Investigating solar neutrinos: the Borexino experiment at Gran Sasso, Italy. Photo: Henning Back/Virginia Tech. From astronomical observations we know today that only 5% of the total energy density is composed of visible matter present in stars as in the interstellar and intergalactic medium. 70% of the energy density is composed of dark energy, which nature remains still unraveled. 25% is out of dark matter, which gravitational effects have been observed in the rotation velocity of the galaxies and on the deviation of light stemming from far away galaxies on their why to us due to the gravitational field caused by dark matter itself. Also the nature of dark matter remains unknown but there are several predicted candidates as e.g. WIMPs (Weakly Interacting Massive Particles) which are searched for in many experiments nowadays. Since these particles, which are not predicted within the Standard Model, do interact only very weakly with normal matter, very big detectors become necessary to detect the rare collisions of the WIMPs and the atomic nuclei present in the detectors. Furthermore, these measurement are disturbed by the signals stemming from other processes, as for example cosmic rays reacting in the atmosphere, and hence it is necessary to perform the experiment deep in the underground as it is the case at the Gran Sasso laboratory.
Underground Lab Garching. Photo: TUM/Heddergott. In these underground laboratories also neutrinos, which can appear in the three different flavors: electron-, muon- and tau-, are studied, since these particles play a key role within astroparticle physics. Very long measurements performed showed that only about half of the electron-neutrinos emitted from the sun reach the earth, since many of those are transformed on their way into muon- or tau-neutrinos. This proved that neutrinos have a mass and that physics beyond the Standard model, where neutrinos are massless, must exist. The exact determination of the neutrinos properties as the mass, the so-called mixing angle among the three families are the central core of many on-going effort from the side of many experimentalists and theoreticians.
The photo composition shows the Borexino detector and the sun. Photo: Borexino Collaboration. Also, the role played by neutrinos in stellar explosions and in the production of heavy elements during these explosions is one very important aspect of this scientific branch.

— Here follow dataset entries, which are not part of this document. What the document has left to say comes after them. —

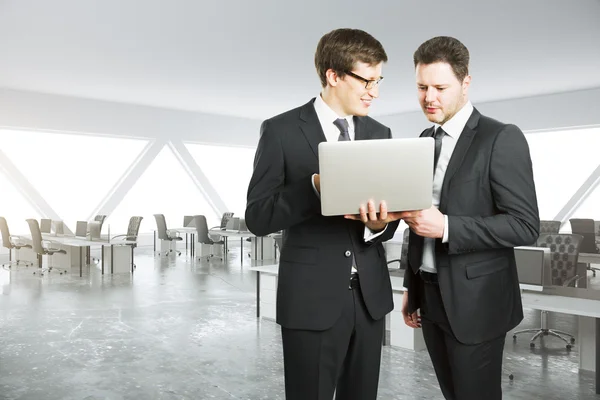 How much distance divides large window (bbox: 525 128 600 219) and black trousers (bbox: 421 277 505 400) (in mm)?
12194

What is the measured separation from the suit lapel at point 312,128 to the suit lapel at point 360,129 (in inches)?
5.4

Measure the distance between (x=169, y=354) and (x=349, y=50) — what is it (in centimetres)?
382

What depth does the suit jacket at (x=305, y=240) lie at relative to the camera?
5.28 feet

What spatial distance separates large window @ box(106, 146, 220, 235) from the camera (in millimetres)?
14891

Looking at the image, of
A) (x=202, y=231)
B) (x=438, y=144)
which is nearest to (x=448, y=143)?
(x=438, y=144)

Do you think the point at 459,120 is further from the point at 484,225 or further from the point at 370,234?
the point at 370,234

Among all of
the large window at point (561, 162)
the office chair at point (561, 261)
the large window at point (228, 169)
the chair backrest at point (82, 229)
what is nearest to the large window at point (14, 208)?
the chair backrest at point (82, 229)

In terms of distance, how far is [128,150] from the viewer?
14992 mm

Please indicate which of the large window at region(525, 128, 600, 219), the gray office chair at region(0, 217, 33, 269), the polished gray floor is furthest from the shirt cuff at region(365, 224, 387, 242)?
the large window at region(525, 128, 600, 219)

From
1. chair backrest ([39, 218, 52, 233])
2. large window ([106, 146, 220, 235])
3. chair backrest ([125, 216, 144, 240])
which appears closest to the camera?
chair backrest ([125, 216, 144, 240])

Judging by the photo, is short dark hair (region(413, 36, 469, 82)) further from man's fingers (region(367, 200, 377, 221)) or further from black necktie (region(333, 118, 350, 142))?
man's fingers (region(367, 200, 377, 221))

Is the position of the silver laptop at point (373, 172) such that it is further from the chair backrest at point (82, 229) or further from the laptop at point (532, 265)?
the chair backrest at point (82, 229)

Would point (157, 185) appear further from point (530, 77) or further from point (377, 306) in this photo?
point (377, 306)

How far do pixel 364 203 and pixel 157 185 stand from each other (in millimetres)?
14715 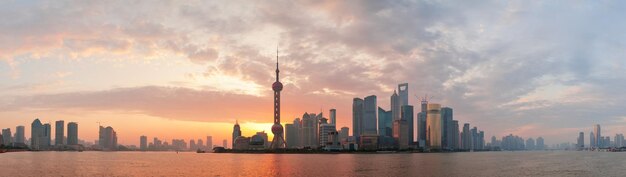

Other sectors of astroparticle physics deal with the study of high energetic particles coming from the cosmic radiation and short burst of very high-energy gamma radiation, called Gamma Ray bursts, which should stem from the largest explosion in the universe. As for the cosmic radiation, we normally deal there with atomic nuclei with a wide spectrum of mass and energy, which e.g. exceeds by far the energy which can be reached by the largest accelerators on earth.